Даже если бы изложенные для дядюшки резоны и в самом деле стояли во главе угла, то и в этом случае в них не было бы ничего зазорного. Цель писателя — писать и печататься, как и цель женатого мужчины — иметь возможность содержать семью на средства от своего труда, упирались в одну и ту же преграду: надзорное состояние. Тот факт, что статус семейного человека в какой-то степени повышал шанс на «снискание доверия», ничуть не умалял обе цели. Ф. М. имел самые веские основания писать сестре: «Знай, что я уже давно решил эту женитьбу, что это думано и передумано 11/2 года, хотя я не имел положительных надежд до производства, и что теперь я ни за что не отстану от моего намерения».

Накануне свадьбы Достоевский писал Михаилу: «В своих силах, если только получу позволение, я уверен. Не сочти, ради Христа, за хвастовство с моей стороны, брат бесценный, но знай, смело, будь уверен, что мое литературное имя — непропадшее имя. Материалу в 7 лет накопилось у меня много, мысли мои прояснели и установились; и теперь, когда каждый несет лепту свою на общую пользу, не откажут и мне быть полезным».

Желание писать и печататься, даже не ради упрочения имени, а ради написанного, было столь сильным, что он готов был печатать свои вещи «хоть навсегда» без имени или под псевдонимом. «Если печатать не позволят еще год — я пропал. Тогда лучше не жить! Никогда в жизни моей не было для меня такой критической минуты, как теперь».
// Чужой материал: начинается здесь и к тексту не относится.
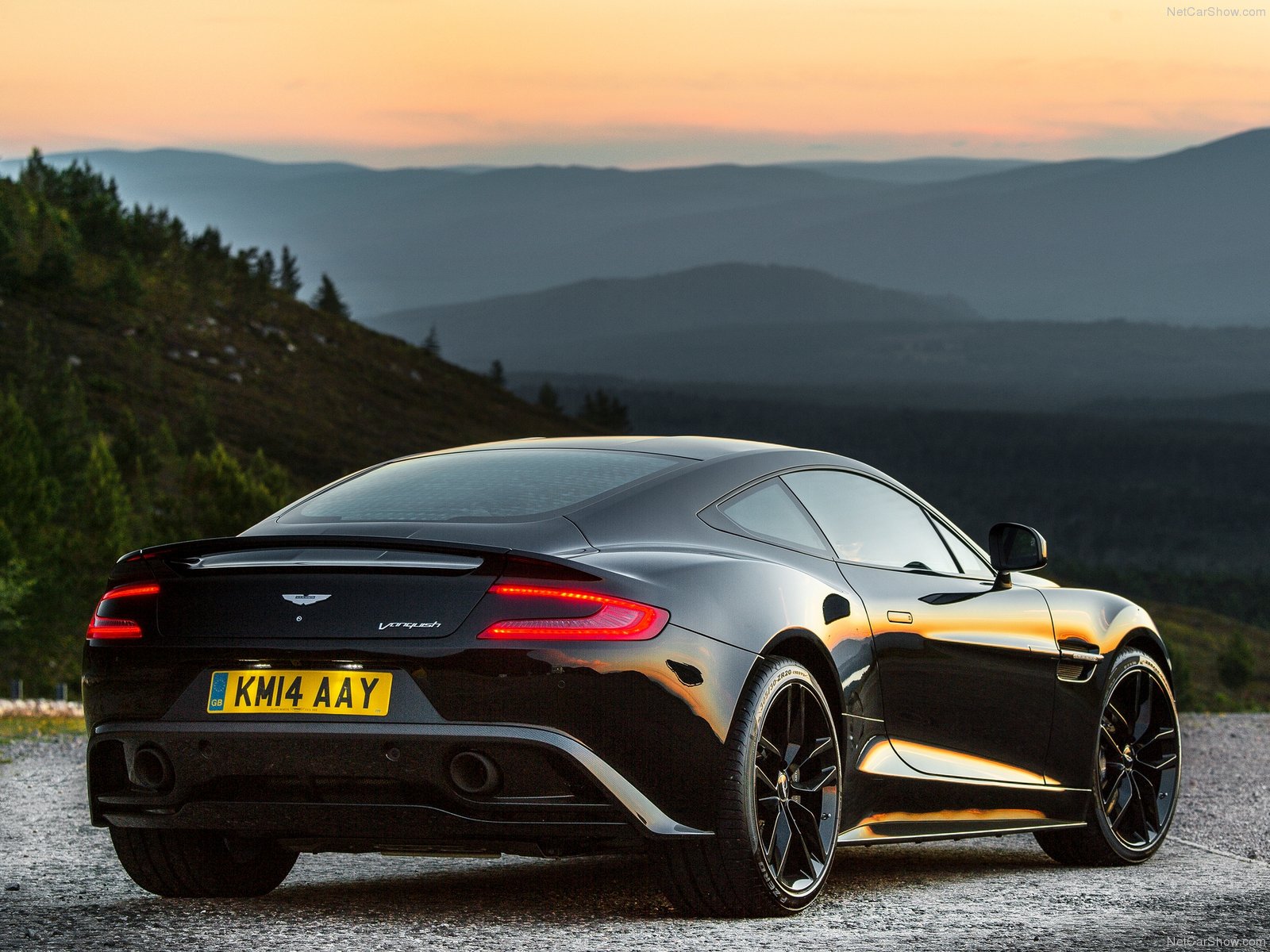Aston Martin Vanquish Carbon Black HD Desktop Wallpaper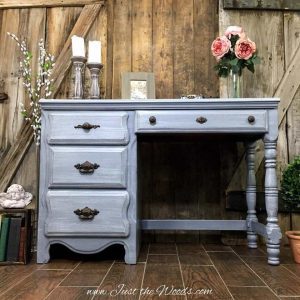 gray painted desk, distressed painted desk, distressed furniture, chalk paint, 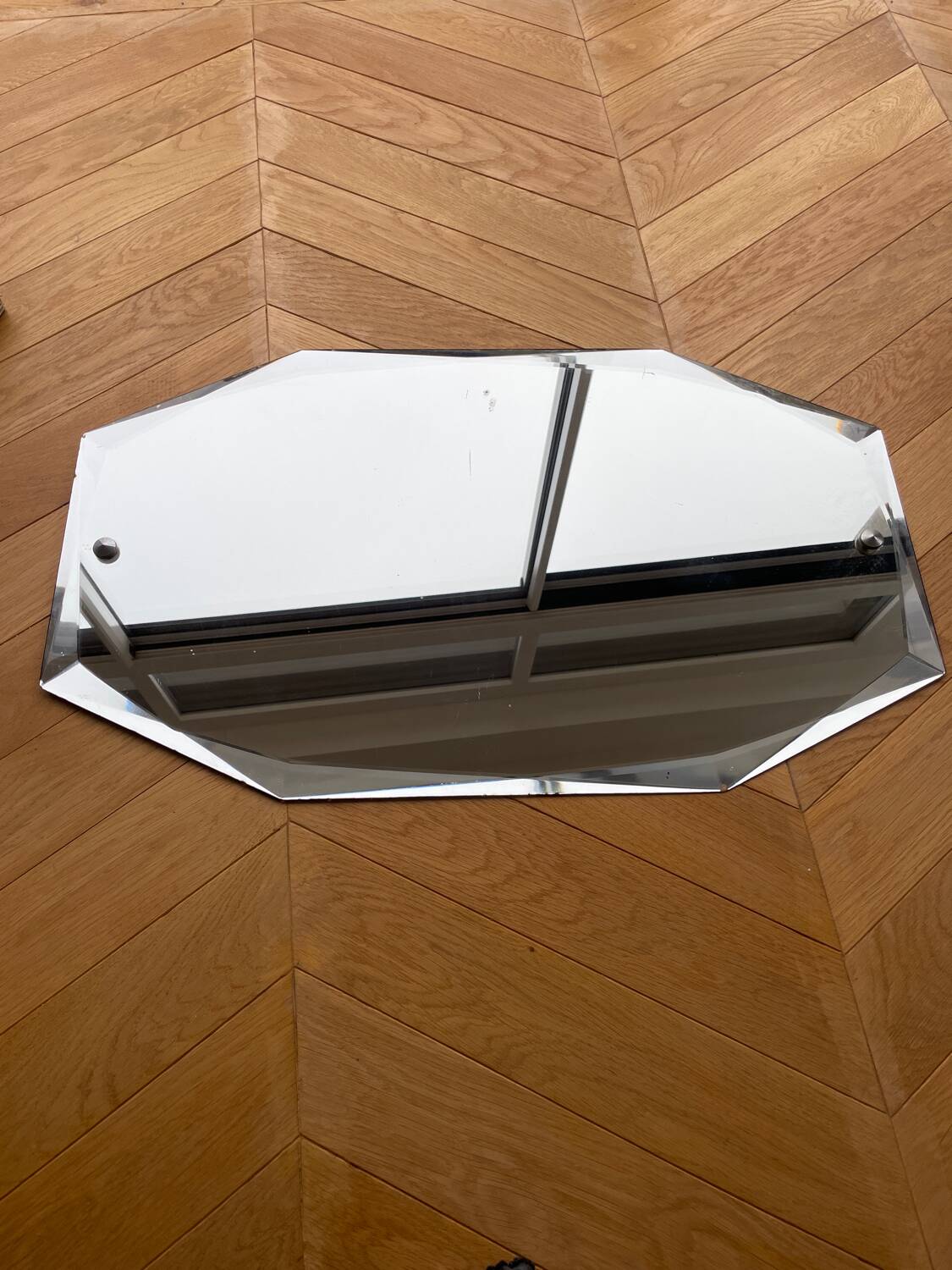 Beveled mirror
Ф. М. не ошибся в призвании, верил в свое литературное имя, был безоглядно влюблен в будущую жену, искренне, а не как циник-торгаш хотел помочь Вергунову, надеялся на долгое семейное счастье и на то, что рано или поздно освободится от долгов и материальной зависимости. Многим из его надежд не суждено будет сбыться, но тем не менее — уже после свадьбы — он напишет Врангелю: «Отношения с Марией Дмитриевной занимали всего меня в последние 2 года. По крайней мере жил, хоть страдал, да жил!»